Sisters Rachel, Alejandra and Andrea Montelongo claim Valley Harvest LLC and Nug Farms retaliated against them after they raised concerns about a number of working conditions to a company executive during their brief tenure at the cannabis farm.
But after Rachel Montelongo needed to leave work one day due to mental health reasons — and was accompanied by her two sisters — the women were fired one day later.
"This is an unlawful reason for firing them because the sisters' complaints concerned violations of health and safety laws, minimum wage laws, family rights protections, and the proper treatment of Rachel's disability," the suit says.
The women were hired by farm labor contractor Valley Harvest LLC and started their employment at Nug Farms in June. Throughout the course of their employment, the three sisters raised concerns to a company executive that they were not being compensated for time spent waiting in temperature check lines prior to their shifts. They also shared concerns about a lack of social distancing in their workplace, in which dozens of people worked in cramped conditions, the complaint notes.
The sisters also advocated for workers who weren't fluent in English, according to the suit.
In August, Andrea and Rachel Montelongo raised concerns about injuries they incurred after not being provided personal with protective equipment despite instructions to directly handle bleach, according to the complaint.
The same month, Rachel Montelongo left work one day to treat her postpartum depression and her sisters left with her. But the next day, one of the sisters received a phone call from human resources that conveyed all three women were fired from the farm, according to the complaint. Andrea Montelongo was told that she and her sister, Rachel Montelongo, was being fired for working too slowly and arriving late to work. When the sisters picked up their final checks, they were informed that Alejandra Montelongo was being fired due to overwatering certain plants.
"Defendants were clearly lying about why they fired the Montelongo sisters," the suit says. "The close temporal proximity between the Montelongo sisters' complaints and their discharge as well as statements from their supervisors confirming that they were all good workers reveals that the real reason defendants fired the Montelongo sisters was that defendants believed the sisters were complainers."
In their suit, the sisters bring employment discrimination claims under the Americans with Disabilities Act, a number of retaliation claims and violations of a California state labor statute.

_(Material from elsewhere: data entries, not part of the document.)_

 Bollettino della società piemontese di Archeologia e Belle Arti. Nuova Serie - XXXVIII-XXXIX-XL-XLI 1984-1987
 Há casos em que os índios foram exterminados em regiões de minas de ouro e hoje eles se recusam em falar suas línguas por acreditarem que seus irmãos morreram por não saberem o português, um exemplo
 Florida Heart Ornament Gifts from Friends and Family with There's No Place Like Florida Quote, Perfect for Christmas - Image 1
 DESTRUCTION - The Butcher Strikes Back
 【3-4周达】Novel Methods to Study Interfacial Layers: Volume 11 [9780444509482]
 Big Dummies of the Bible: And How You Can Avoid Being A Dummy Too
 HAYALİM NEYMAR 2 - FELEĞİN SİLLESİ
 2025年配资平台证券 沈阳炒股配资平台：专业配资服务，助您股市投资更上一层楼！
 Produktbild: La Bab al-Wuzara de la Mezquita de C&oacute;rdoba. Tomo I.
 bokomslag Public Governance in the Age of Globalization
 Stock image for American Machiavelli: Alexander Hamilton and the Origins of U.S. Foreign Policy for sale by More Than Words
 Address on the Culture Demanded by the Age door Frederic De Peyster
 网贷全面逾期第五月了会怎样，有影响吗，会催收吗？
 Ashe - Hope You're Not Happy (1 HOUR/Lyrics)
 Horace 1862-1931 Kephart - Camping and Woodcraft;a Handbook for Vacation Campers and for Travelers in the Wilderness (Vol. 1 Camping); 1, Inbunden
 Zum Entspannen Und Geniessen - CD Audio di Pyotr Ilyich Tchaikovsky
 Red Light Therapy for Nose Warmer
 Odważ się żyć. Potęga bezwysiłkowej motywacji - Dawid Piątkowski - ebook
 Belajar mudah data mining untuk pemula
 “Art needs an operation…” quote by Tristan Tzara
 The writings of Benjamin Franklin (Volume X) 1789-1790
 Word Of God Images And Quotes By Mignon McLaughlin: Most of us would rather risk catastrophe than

They seek damages to compensate lost wages, including back pay and front pay, and other lost benefits.
Sebastian Lamar Miller, who is representing the sisters, told Law360 on Tuesday that employment cases are financially and emotionally significant to those unlawfully fired and that this suit is no exception.
"The next steps for my clients are to untangle the web of entities through which Nug Farms does business and then either resolve the case with a fair settlement or present our evidence to a jury whenever civil jury trials may resume in the Northern District of California," Miller said.
Representatives for Valley Harvest did not immediately respond to Law360's request for comment Tuesday.
The Montelongos are represented by Sebastian Lamar Miller of Sebastian Miller Law PC.
Counsel for the defendants could not be ascertained Tuesday.
The case is Montelongo et al. v. Valley Harvest LLC et al., case number 5:21-cv-00235, in the U.S. District Court for the Northern District of California.